Elena's hats are beautiful and we all know that. One or two of hats have been loose enough at the top to finish with circulars and no dpns. This in her hats is what I am looking for.Thanks for you prompt response. sn


----------



## mawsk 54 (Jun 18, 2013)

Beautiful, great colour. Just purchased, I never buy patterns since I discovered the internet, but this called to me. Thank you for lovely pattern. mawsk


----------



## Chezl (Mar 12, 2012)

I also don't buy many patterns but I just bought yours. It is lovely.


----------



## Sandiego (Sep 17, 2011)

Beautiful hat! Your designs are all so pretty! ;0)


----------



## mollyannhad (Feb 1, 2011)

I think thats my favorite


----------



## lsdlong (Oct 20, 2011)

Thanks for the discount. I have purchased several of your patterns and love all of them.


----------



## Knittingkitty (Sep 25, 2011)

Thank you so very much for your lovely comments and support, ladies! A very special THANK YOU to Everybody who has purchased the pattern, happy knitting!)))


----------



## Ann DeGray (May 11, 2011)

I just bought it! I buy all your patterns. They are so well written and a joy to make.

Thank you, Elena.


----------



## TAYATT (Mar 11, 2014)

Beautiful! Love this pattern!


----------



## yogandi (Mar 24, 2012)

Pretty!


----------



## raqeth (Dec 23, 2011)

I am ALWAYS looking forward to your next design.... You never leave me wanting, on the contrary, each one is gorgeous! This one is FABULOUS!!!!!! Love it! Thank you sooo much For the sale price! Wow!  :thumbup: :thumbup:


----------



## oge designs (Aug 14, 2012)

One of my favourite of your designs, beautiful


----------



## Knittingkitty (Sep 25, 2011)

Thank you so much for your support once again, Everybody!

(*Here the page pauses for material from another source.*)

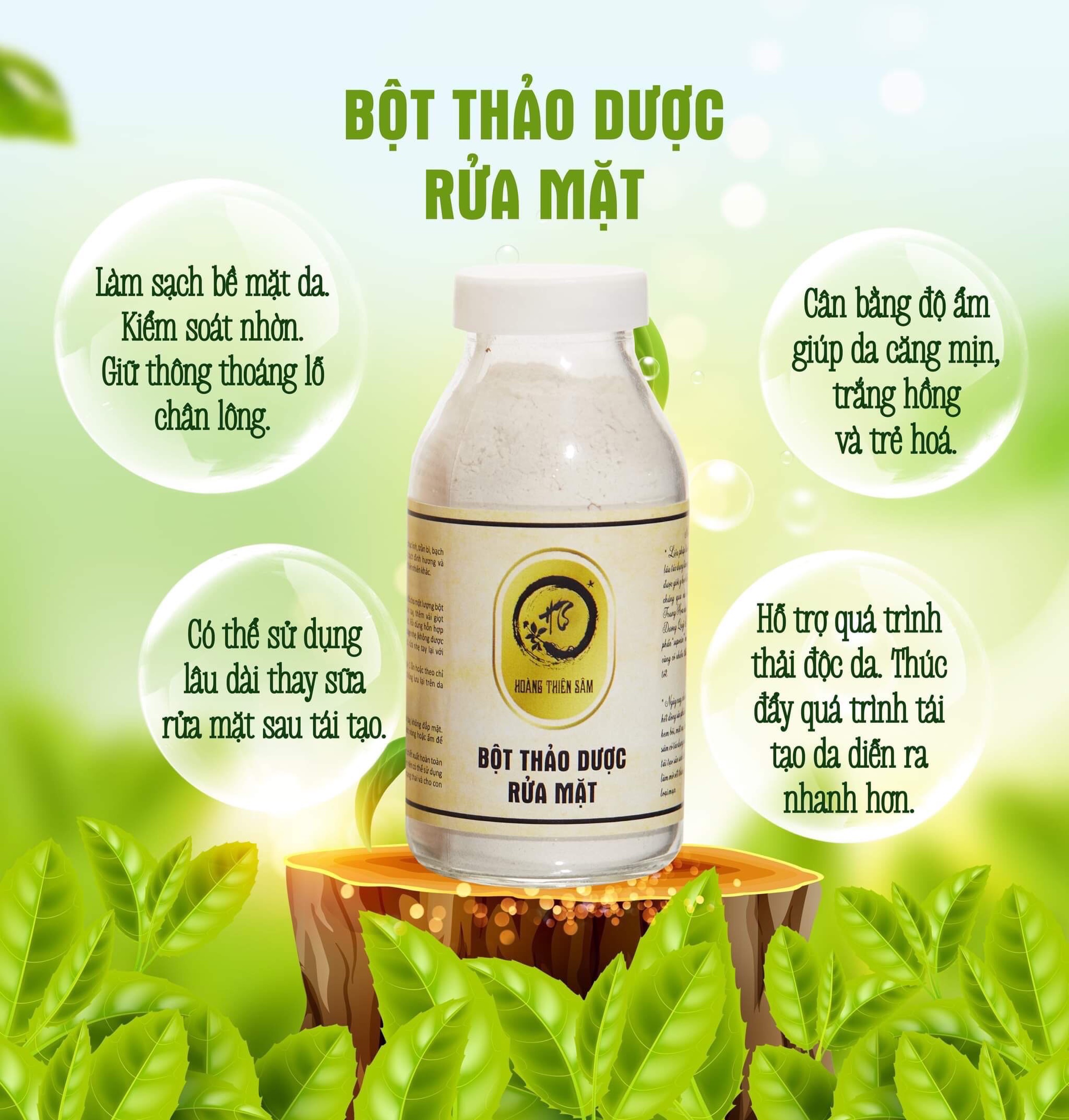 COMBO TÁI TẠO HOÀNG THIÊN SÂM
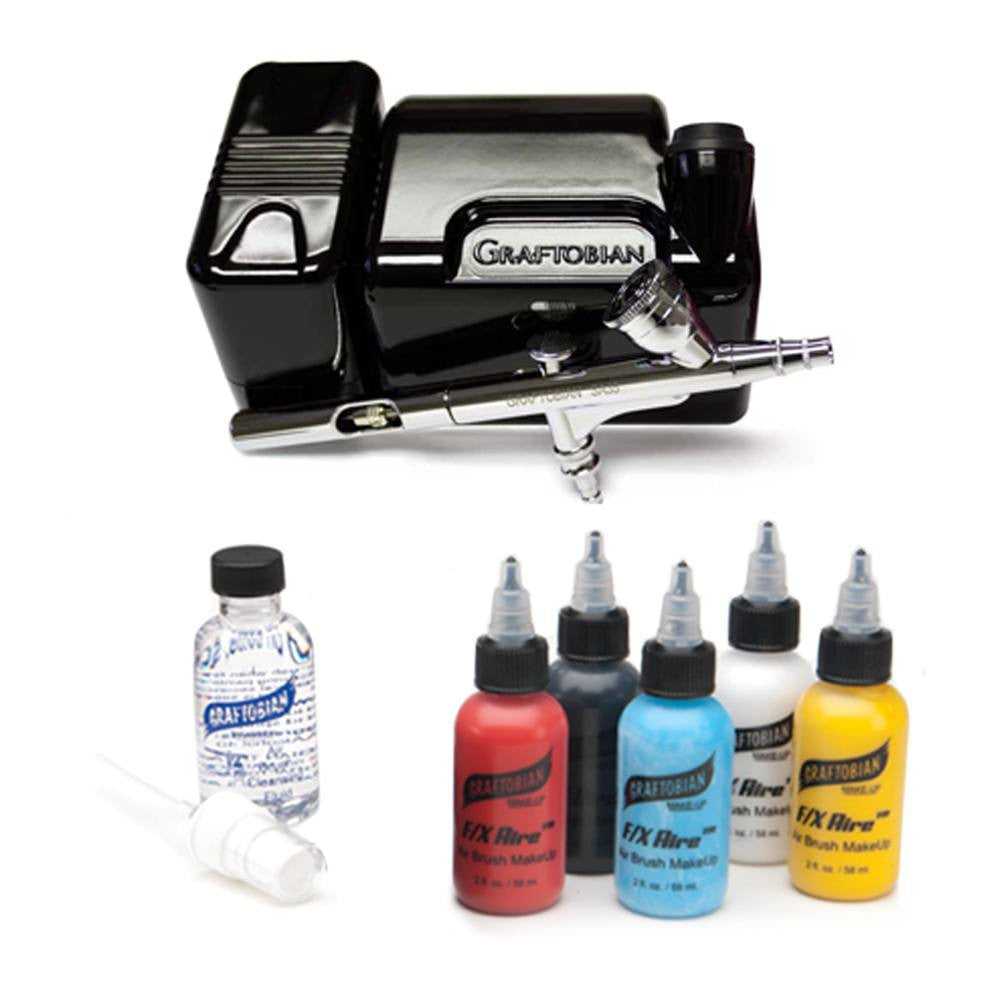 Graftobian Black Walk Around FX Aire Airbrush System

It feels great to read your comments, I am so happy you like my hat patterns!


----------



## belleflower (Apr 23, 2013)

I love that chevron detailxx


----------



## Rainebo (Apr 22, 2012)

This is just such an interesting stitch pattern! :thumbup:


----------



## Byrdgal (Jun 27, 2011)

Beautiful as always!!!!!


----------